Kanata Sorami, a young Private in the army, arrives in Seize to serve in the Clocktower Fortress and learn the trumpet under the tutelage of Master Sergeant Rio Kazumiya. Though peace hangs uneasily over the world, Kanata finds a relaxing routine of laundry, shopping, and trumpet practice greets her at her new post instead of brutal drilling and discipline. With help from the other members of the all-female 1121st Platoon, Kanata finds her place in the bustling city, bringing joy and humor to the war-weary residents while learning a great deal about the world.
Many centuries into the future, humans live as part of the Fractale system, a computer program that moderates their activity to ensure a free and peaceful existence. But while life is indeed comfortable, the cost of growing up in virtual reality communities filled with holographic people called 'doppels' means that it can also get lonely. For Clain living estranged from his parents, adventure finally knocks when he rescues a mysterious girl called Phryne, who appears to be on the run. She spends only a short time with him before hurriedly moving on but leaves behind an unexpected gift: the curious and frustratingly whimsical doppel called Nessa! As Clain learns to adjust to his new friend and survive the scrapes she gets him into, he discovers that she and Phryne are at the heart of a great conspiracy. If he is ever to gain a sense of purpose, Clain will have to leave his comfortable existence and challenge the only thing he has ever known, the Fractale system itself.

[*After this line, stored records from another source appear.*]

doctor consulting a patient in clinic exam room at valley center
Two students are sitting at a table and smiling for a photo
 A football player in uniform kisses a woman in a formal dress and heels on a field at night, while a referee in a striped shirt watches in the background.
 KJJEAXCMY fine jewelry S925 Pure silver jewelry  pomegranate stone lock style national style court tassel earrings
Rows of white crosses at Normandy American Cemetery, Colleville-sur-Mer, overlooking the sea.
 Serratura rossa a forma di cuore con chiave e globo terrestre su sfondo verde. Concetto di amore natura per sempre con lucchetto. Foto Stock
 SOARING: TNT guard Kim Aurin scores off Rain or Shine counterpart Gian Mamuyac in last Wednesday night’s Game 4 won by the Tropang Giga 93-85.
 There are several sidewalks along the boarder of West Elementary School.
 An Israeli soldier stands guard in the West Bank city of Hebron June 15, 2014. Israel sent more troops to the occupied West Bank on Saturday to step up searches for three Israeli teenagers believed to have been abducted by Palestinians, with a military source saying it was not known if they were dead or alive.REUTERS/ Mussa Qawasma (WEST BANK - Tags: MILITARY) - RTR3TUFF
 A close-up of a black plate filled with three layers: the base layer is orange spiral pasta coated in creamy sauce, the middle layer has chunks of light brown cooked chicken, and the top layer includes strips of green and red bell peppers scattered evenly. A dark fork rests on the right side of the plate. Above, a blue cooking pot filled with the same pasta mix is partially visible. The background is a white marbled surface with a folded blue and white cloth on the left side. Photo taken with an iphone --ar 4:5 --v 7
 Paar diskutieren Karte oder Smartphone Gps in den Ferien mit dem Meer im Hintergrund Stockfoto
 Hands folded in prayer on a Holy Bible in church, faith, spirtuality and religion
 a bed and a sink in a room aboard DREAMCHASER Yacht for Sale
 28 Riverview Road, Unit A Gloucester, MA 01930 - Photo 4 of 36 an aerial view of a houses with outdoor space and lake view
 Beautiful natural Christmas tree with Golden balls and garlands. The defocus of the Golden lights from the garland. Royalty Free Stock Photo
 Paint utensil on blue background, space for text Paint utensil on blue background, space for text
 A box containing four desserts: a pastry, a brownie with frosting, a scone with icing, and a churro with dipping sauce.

I found the feel of these two series to be very similar. Both series feature a world that is at first glance idyllic and peaceful, but is over time revealed to be deeply scarred beneath the surface. Both Fractale and Sora no Woto also feature optimistic protagonists, similar art styles and unique European-style settings, as well a general lighthearted feel despite the dark themes also apparent in the show.
Sousuke Sagara is far from the average high school student - not only is he highly trained in military tactics, he puts his knowledge to use in every single applicable situation (and even those nonapplicable ones.) So, when confronted with high school, he tends to turn average high school experiences into off-the-wall adventures. Love letters become terrorist threats and field trips become commando operations; his survival depends on the watchful eye of his best friend and classmate, Kaname. Together, they may just make it out of high school alive...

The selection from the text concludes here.